As she resumes glowering out the window, however, his gloved hand closes around hers where it rests in her lap. "Thank you for seeing me off to the station." He chafes her knuckles with his thumb--but his gaze still does not waver from the newspaper.
"Why?" Mary pulls her hand from his grasp, busying her hands with a feigned search through the contents of her handbag. "You have your newspaper for company. There's hardly a point to my being here at all."
In fact they've hardly spoken since leaving Haxby the previous evening, the awkward end Richard made to their passionate exchange in the hall having a rather stifling effect on further conversation, as well. And yet the dialogue in Mary's own mind had not ceased all through the night; she'd lain in bed feeling as though the red papered walls of her room were closing in on her, at once longing for the bright openness of Haxby and castigating herself for doing so, and for her naïveté in believing Richard capable of sustaining the gallantry he'd exhibited over the weekend in the long term. He'd asked her to give the house another chapter, not a three-volume novel.
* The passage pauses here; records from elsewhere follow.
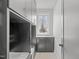 Well-organized mud room featuring storage cabinets, drawers, and bench at 228 Woodsborough Pl, Raleigh, NC 27601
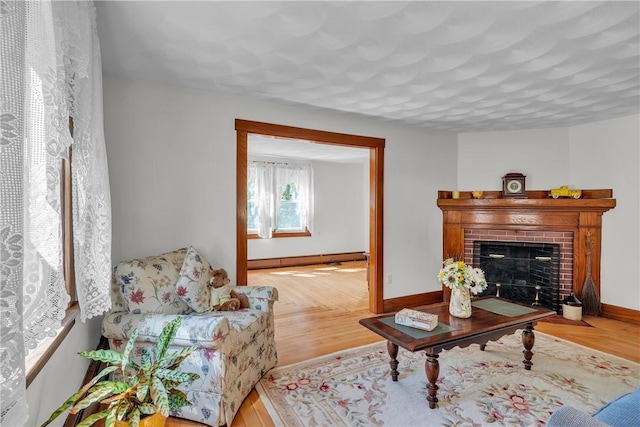 72 Old Danielson Pike, Foster, RI 02825 - living area with baseboards, a brick fireplace, and a baseboard radiator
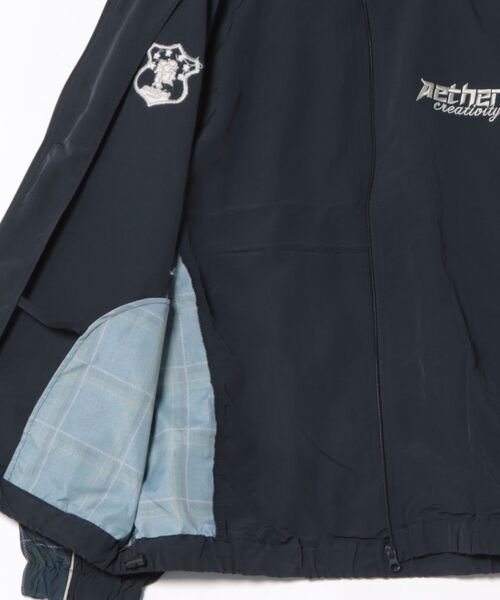 Revo.（レボ）の「オーバーサイズ パイピング 総柄切替 トラックジャケット ワンポイント ロゴ刺繍 スタンドカラー ナイロンブルゾン（ナイロンジャケット・メンズ・ブラック/ネイビー/グレー・M/L）」の5枚目の写真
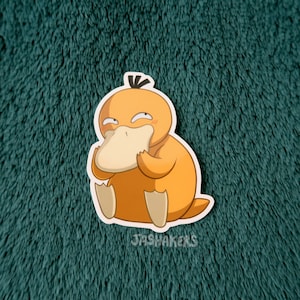 May include: A yellow and orange cartoon duck with a beak and a surprised expression. The duck is holding a piece of bread in its beak. The duck is sitting on a green fuzzy surface.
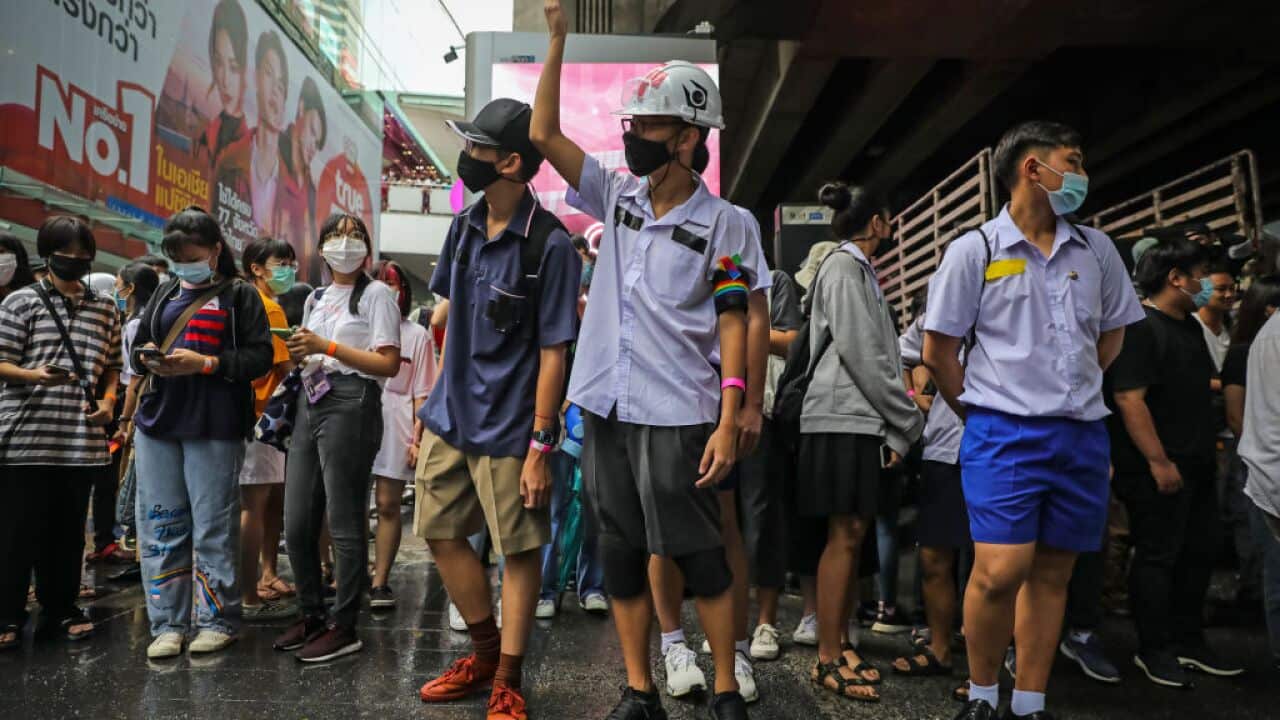 Protesters flash three finger salutes in the Siam area on 21 November, 2020 in Bangkok, Thailand.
And apparently isn't as keen as she for that chapter to include a bit of sex.
"It's Monday morning," the smooth rake of Richard's tones draws her out of her brooding. "Business hours. And I'd be careful how I spoke about my newspaper, if I were you," he adds, a hard coldness creeping into his voice which matches the colour of his eyes as they scan the words printed across the page. "Remember, it has the power to give you a life."
Or to destroy it, Mary thinks, but Richard looks at her, at last, and smiles. Not a twisted smirk, as his words might have indicated, but a gentle curve of his lips, his eyes crinkling at the corners and reflecting the golden glint of the morning sun diffused by the window and the lingering fog. For a moment she studies him, then snaps her handbag shut and directs her attention outside once more in her best impression of the aloof aristocrat, lest he see that she cannot read him and have that advantage over her, as well.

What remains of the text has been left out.